S’il est sans doute trop tôt pour opérer le bilan historiographique du premier centenaire de la Première Guerre mondiale en Suisse, un certain nombre de recherches se dégage d’ores et déjà: la thèse d’Alexandre Elsig sur la propagande allemande en Suisse, celle de Cédric Cotter sur l’action humanitaire, celle de Florian Weber sur les relations économiques avec les États-Unis, la synthèse codirigée par Thomas Buomberger, Patrick Kury et Roman Rossfeld ou encore les travaux de Konrad J. Kuhn et Béatrice Ziegler sur les mémoires de la Première Guerre mondiale. On peut leur ajouter l’ouvrage d’Adrian Gerber consacré au cinéma en Suisse entre 1914 et 1918. Fruit d’une thèse codirigée par Margrit Tröhler et Jörg Schweinitz, l’ouvrage vient combler une lacune importante.
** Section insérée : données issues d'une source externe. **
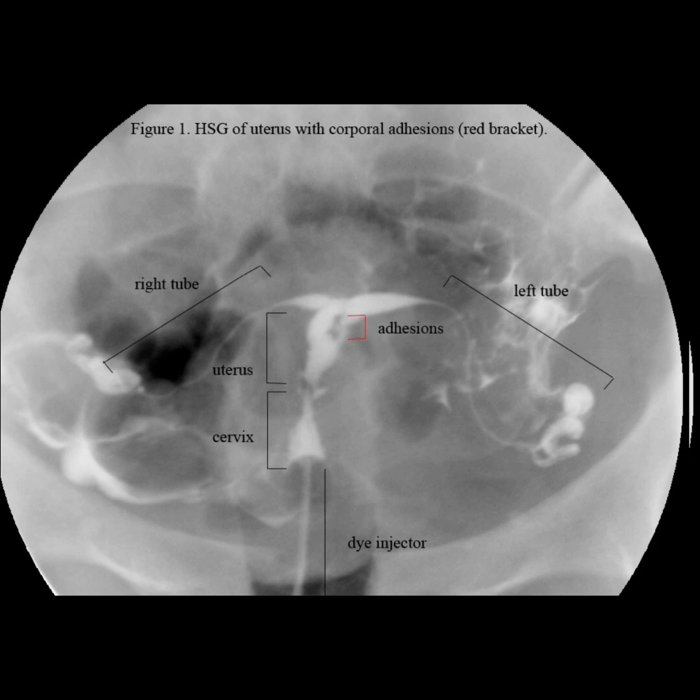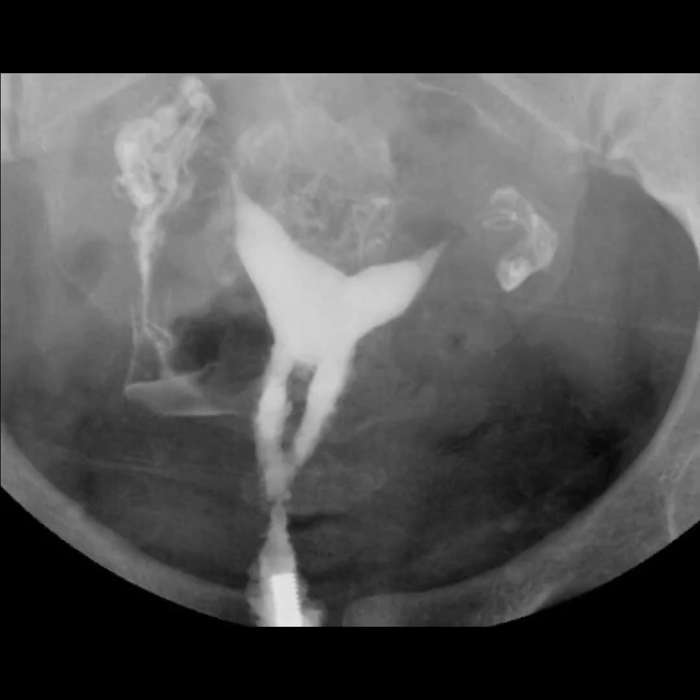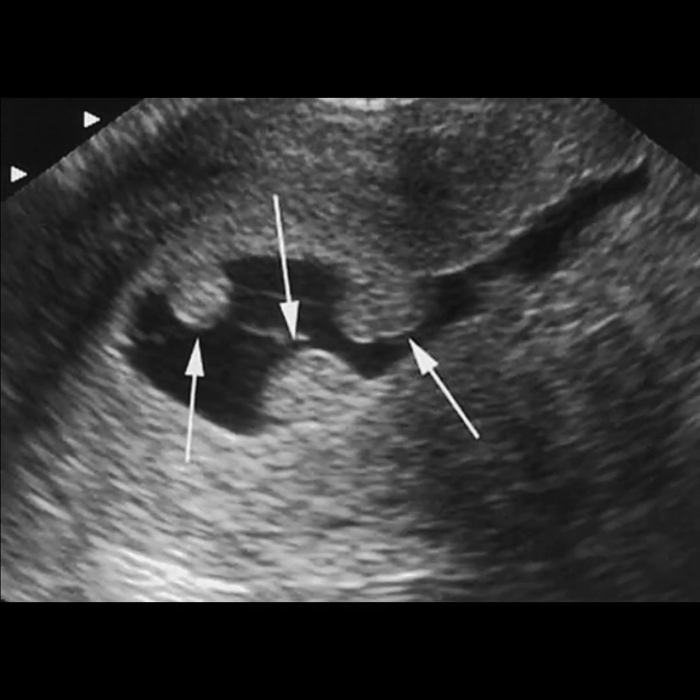There are several ways to detect this problem. A hysterosalpingogram, which is a study done by a radiologist, outlines the internal shape of the uterus and can also show whether the fallopian tubes are blocked. The black areas within the cavity indicate scar tissue.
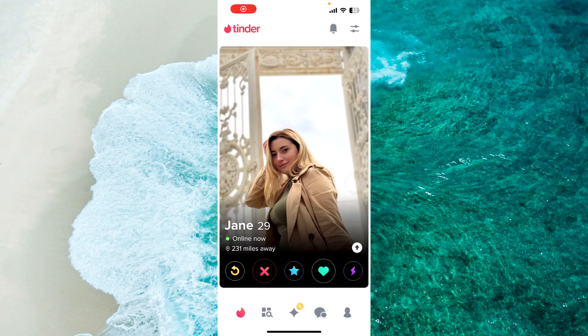Hit the like button, hit that subscribe button — that's the most important thing. I love every single one of you guys, and hopefully I will catch you in the next video.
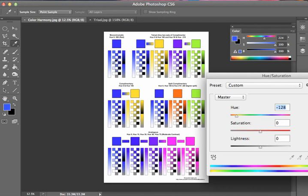And so it doesn't have that same limitation. Monochromatic, there's 360 different options there to pick from.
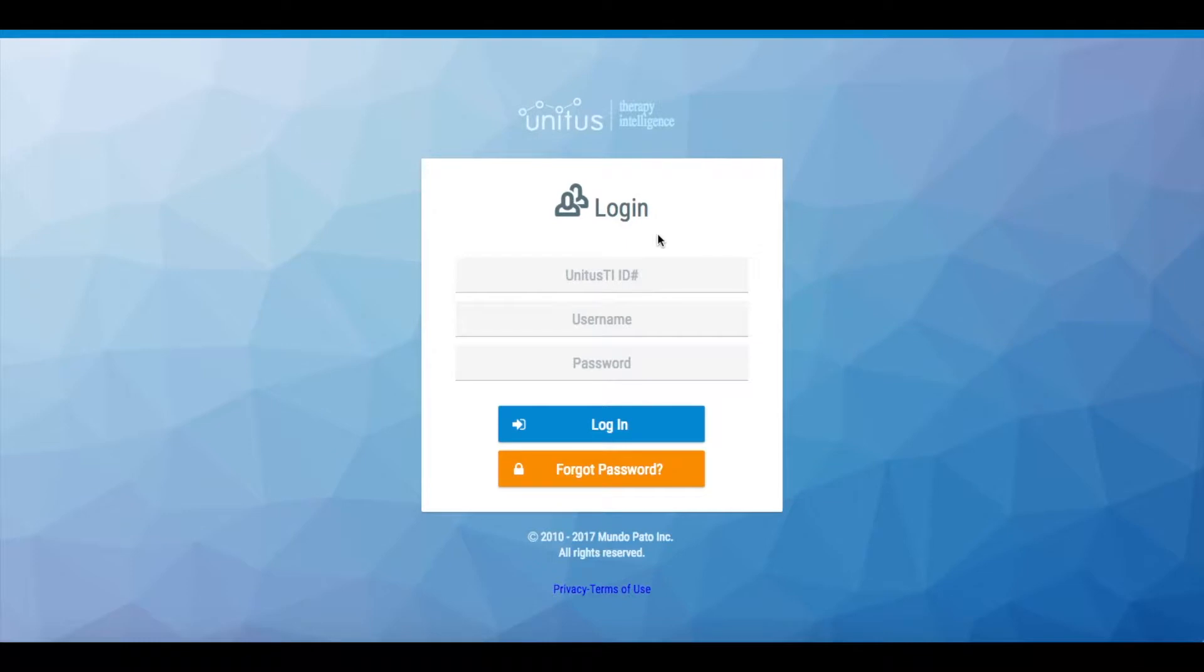Today I am going to show you how to run a program from your child's program list in your Unitas TI account.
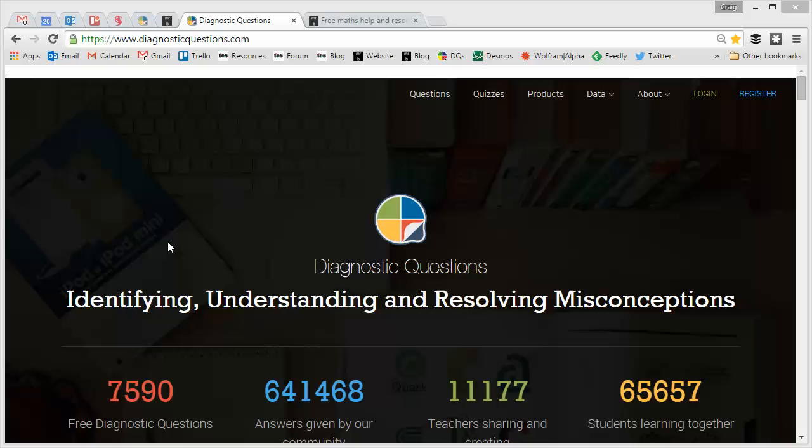Hello, Mr Barton here with a very quick video aimed at GCSE students who are busily preparing for their GCSE, which at the time of recording, Paper 1 is just two weeks away. And hopefully I'm going to show you a little technique on my website diagnosticquestions.com which will help focus your revision for these last crucial days.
En effet, la littérature sur la production, la distribution et la réception du cinéma en Suisse durant cette période restait jusqu’ici fragmentaire: si l’on excepte l’Histoire du cinéma suisse d’Hervé Dumont, on en restait réduit à différents articles ou monographies sur les pionniers de l’industrie suisse du divertissement, sur la critique, sur le cinéma ambulant, sur l’architecture des premières salles fixes, sur la censure ou encore sur le paysage cinématographique dans un contexte régional spécifique. L’ambition ici est beaucoup plus vaste et vise à cartographier, sur l’ensemble du pays, la production filmique présente sur les écrans, le rôle des appareils de propagande des puissances belligérantes en Suisse, enfin les formes différenciées de la réception de certains films en fonction des configurations politiques et régionales. Pour ce faire, l’analyse s’appuie sur un dépouillement d’archives particulièrement conséquent. Outre la presse spécialisée et généraliste, on peut signaler les fonds de plusieurs archives communales ainsi que les ressources des Archives fédérales, des documents du Département des Affaires étrangères et des Archives fédérales à Berlin, ainsi que certaines ressources tout à fait inédites comme les archives du distributeur Monopol Films L. Burstein et la collection d’affiches du cinéma Radium à Zurich.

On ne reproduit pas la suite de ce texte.